Word for word, set down the lines from the one that contains "Dokkimisjaam Satechi ST-HUCPHSD" through the final line of the data; no pictures belong in the copy.

_Dataset content_
###

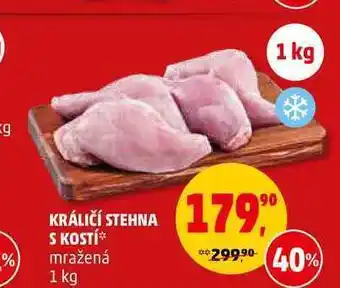 Penny Market Králičí stehna s kostí, 1 kg nabídka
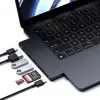 Dokkimisjaam Satechi ST-HUCPHSD USB 3.2 Gen 2 USB-C Must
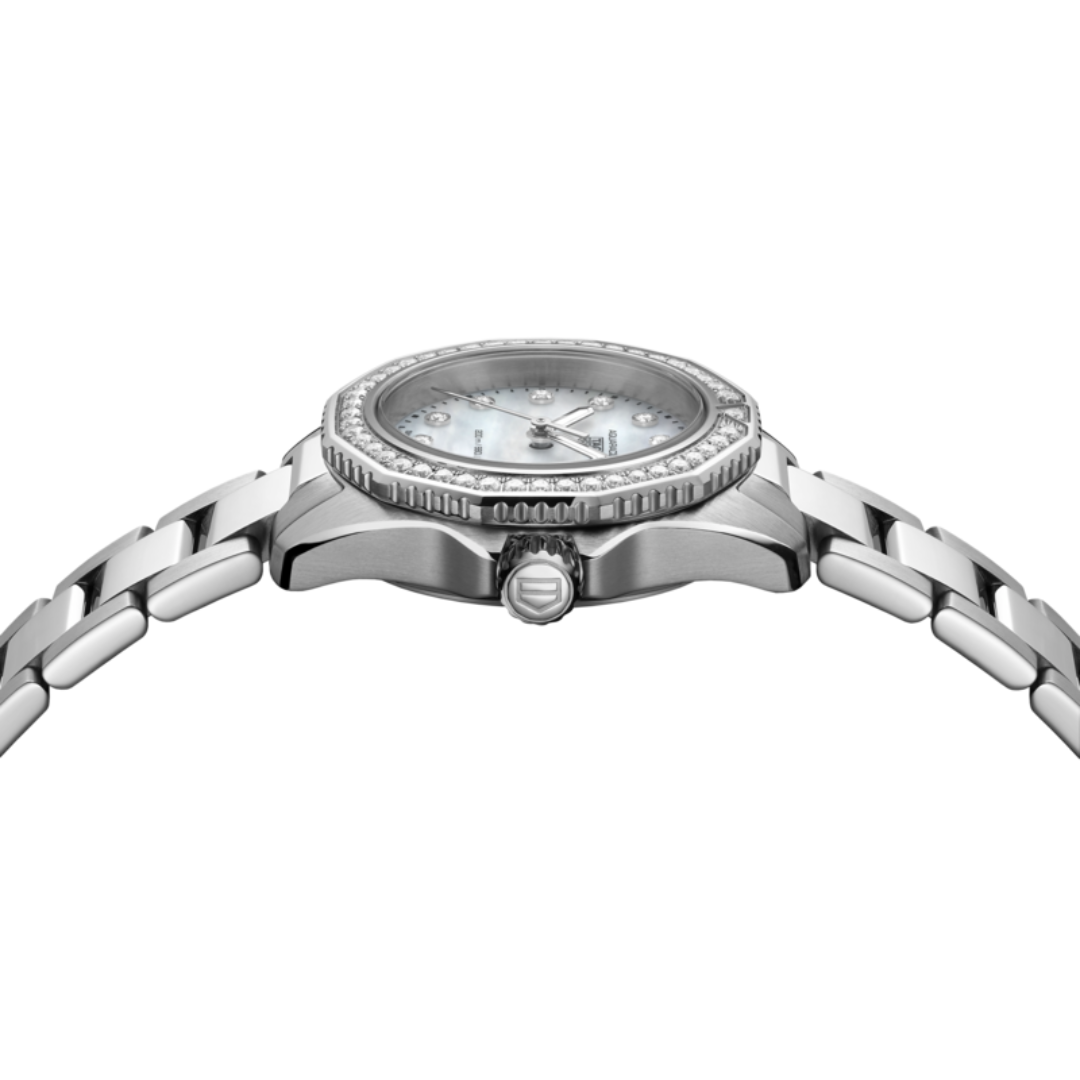 TAG Heuer  Aquaracer Professional 200 Quartz Watch with Diamond Case, 30mm 3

###

_Answer to this task_
 Dokkimisjaam Satechi ST-HUCPHSD USB 3.2 Gen 2 USB-C Must
 TAG Heuer  Aquaracer Professional 200 Quartz Watch with Diamond Case, 30mm 3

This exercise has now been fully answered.